It struck me the other day as I was reading Waging Heavy Peace, the fabulous new book by Neil Young, that only a book by Neil Young--obviously put together by the man himself, with little help from editors or other humans--would not only devote a significant passage to the merits of shopping at Costco, but also of his quest to buy new heads for his electric toothbrush, which, not incidentally, he considers quite fabulous.
My own copy of the book, coincidentally, was also purchased at Costco--at a fine price, I might add!--where I'd also return the next week to buy the new book by Pete Townshend. Also written by the man himself, with little outside assistance.
That I would purchase both books quite willingly, and with my own money, I found interesting. Though I regularly read e-books via my Kindle, in both cases here I wanted to buy the physical product--the tome, the pages, the cover picture, etc.--mostly because in late 2012, when record albums are likely as not wave, flac or MP3 files capable of simply evaporating on a faulty iPod or hard drive, I wanted to own the actual thing that both artists produced, to hold it in my hand, to put it down and leave it half-opened on the chair next to my computer while I downloaded flac versions of albums by Brit band Kaleidoscope that I had yet to physically purchase, and probably never would.

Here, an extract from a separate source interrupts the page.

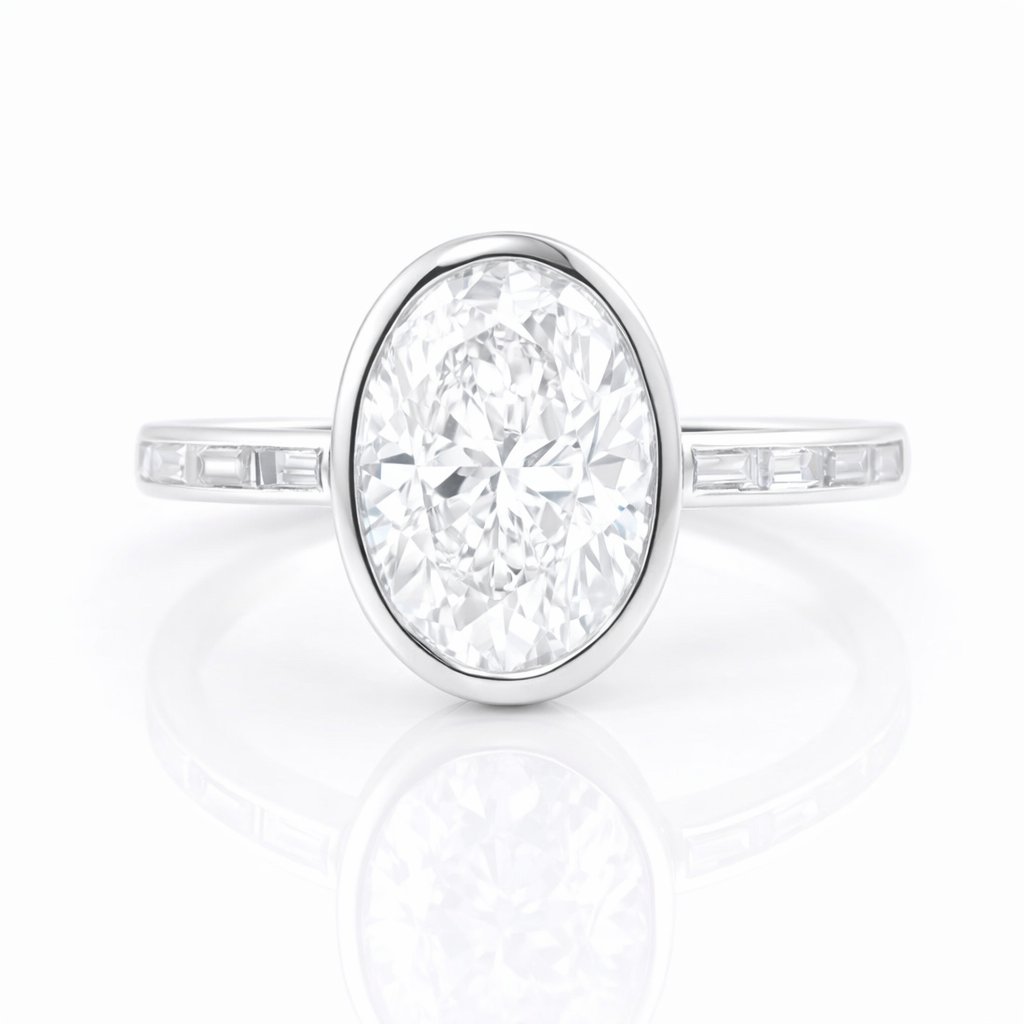 2.5ct Oval Bezel Setting Engagement Ring with Emerald Half Band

Plus, the Costco cashier always looks at me funny when I only buy scotch and cartons of cigarettes!
Neil Young & Crazy Horse: Psychedelic Pill (Reprise) While I have been a lifelong fan of Neil Young, around long enough to buy his first album when it came out, I can't say I've bought into everything he's ever done. My favorite album of his is--ironically, since he rails against it in his book--his very first, which along with scattered tracks he wrote like Buffalo Springfield's "Expecting To Fly," and, way later, "We Never Danced" from Life, contain a certain melodic flair that's absolutely heart-wrenching, though it's a part of what he does that he's tended to underplay. That said, his manic workouts with Crazy Horse--the intense one-note twang, the primitive beat--are inspiring in another way entirely. It's just the stuff in between that I like but don't love. Psychedelic Pill is more the latter than the former--particularly via the three extended tracks proudly on display here--but there is a hint of melancholy melody on the opening mega-opus that recalls Young's other side, and that it is paired with a rock romp in which Young tosses off lyrics that read like sentences from his book, about religion, MP3s, and the actual act of writing his book, that in terms of really odd appeal rank right up there with his "got mashed potatoes--ain't got no T-bone" lyric from 1981's Re-ac-tor. The band is great throughout, the vocal harmonies inspiring, and the fact that a major artist is allowed to release an album like this on a major label in 2012 absolutely stunning. Pretty great, actually.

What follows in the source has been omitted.